В конце концов, чувствуя, что все ее усилия направить его на путь добродетели не удаются, измученная его требовательной, деспотической любовью, она оставляет его и скрывается в Германии со своим сыном, которому решает посвятить всю свою жизнь. На прощанье она пишет ему, что вполне простила ему все зло, какое он ей сделал, так как понимает, что его нельзя мерить мерой обыкновенных людей. «Ты всеми силами стремился к идеалу счастья, — говорит она, — и обладал им только в мечтах. Но, дитя мое, твои мечты — это и есть твоя действительность, твой талант, твоя жизнь! Разве ты не художник? Будь спокоен, Бог простит тебе, что ты не умел любить! Он обрек тебя на это ненасытное стремление для того, чтобы молодость твоя не была поглощена одной женщиной. Женщины будущего, те, которые станут от века до века созерцать твои произведения, — вот твои сестры и твои любовницы!»
Несмотря на эту попытку оправдать гениальностью художника его нравственные недостатки, главная цель романа была очевидна: художница изображалась безукоризненно добродетельной, и вся вина разрыва падала на художника. Друзья Мюссе возмутились. Его брат, Поль Мюссе, которому он рассказывал свою историю с Жорж Санд и показывал ее письма, в ответ на роман «Elle et Lui» выпустил роман «Lui et Elle», в котором та же история, также под псевдонимами, изображена совершенно с другой точки зрения: герой является страдающим от бессердечного кокетства героини и гибнущим вследствие ее вероломства. Объективной истины и беспристрастия, понятно, нечего ждать от произведения, написанного с целью защитить память нежно любимого брата, но для врагов Жорж Санд оно послужило новым оружием против нее. И до сих пор некоторые историки литературы склонны приписывать ей пагубное влияние на молодого поэта, хотя после разлуки с нею он прожил еще 24 года, имел много любовных историй и написал самые лучшие из своих произведений. «После разрыва оба они стали зрелыми художниками, — замечает Брандес. — Он — поэтом с горящим сердцем, она — сивиллой с пророческим красноречием. В пропасть, открывшуюся между ними, она бросила свою незрелость, свои тирады, свое безвкусие, свое мужское платье и стала вполне женщиной, вполне естественной.

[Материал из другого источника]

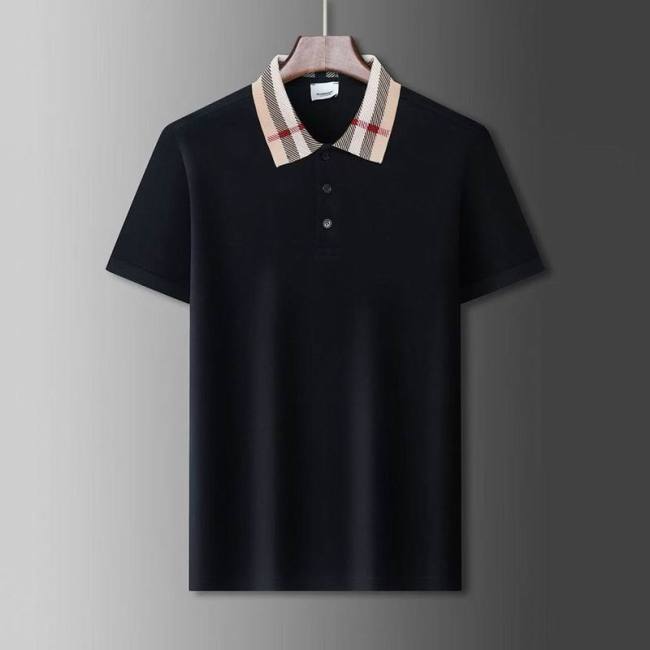 Burberry polo men t-shirt-1430(M-XXXL)
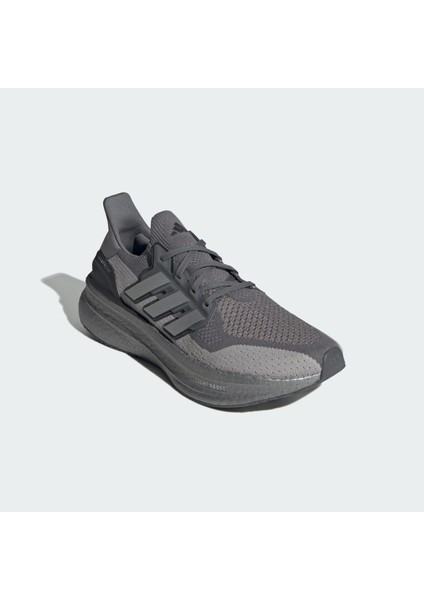 Performance IF1483 Ultraboost 5 Shoes fırsatları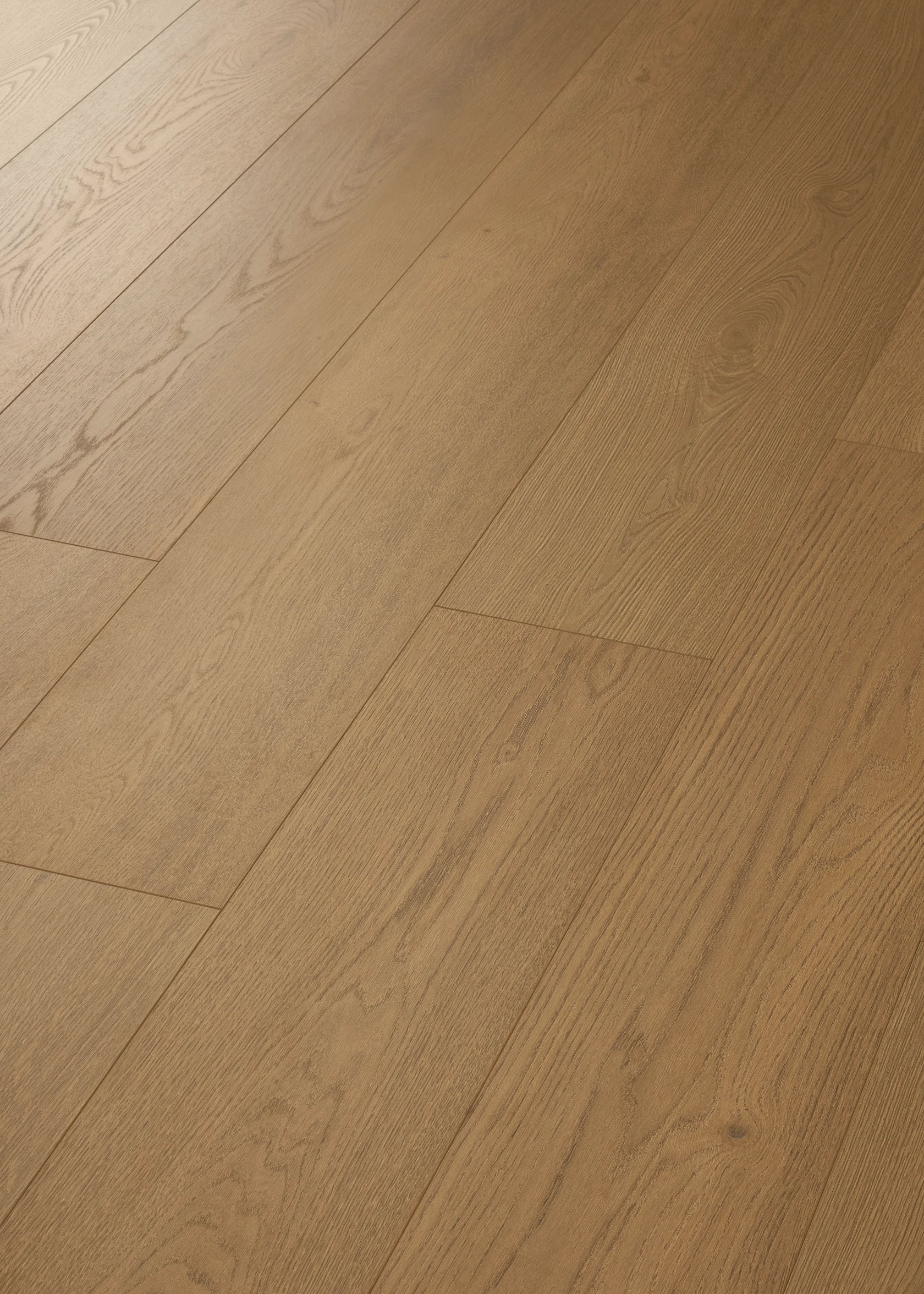 COREtec Rigid Klick-Vinyl 'Cronus' - Tytan - 50 TYT 05258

Он похоронил в той же пропасти свой донжуанский костюм, свое вызывающее высокомерие, свою юношескую дерзость и стал настоящим человеком, цельным умом».
Оставшись в Италии без Мюссе, Жорж Санд с лихорадочным жаром принялась за литературную работу. Кроме нескольких менее значительных вещей, она написала в это время один из лучших своих по тонкости психологического анализа романов — «Жан» — и первые «Письма дяди». Эти «письма», под заглавием «Письма путешественника», выходили в течение многих лет через значительные промежутки времени и заключали описание путешествий, картины природы, разговоры со случайными, часто вымышленными, собеседниками, летучие заметки о людях и событиях современной действительности, о вопросах нравственности и философии. Первые из них, посвященные преимущественно Венеции, проникнуты тоскою больного сердца, в них слышится то горячая покорность судьбе, то жалобный крик измученной души.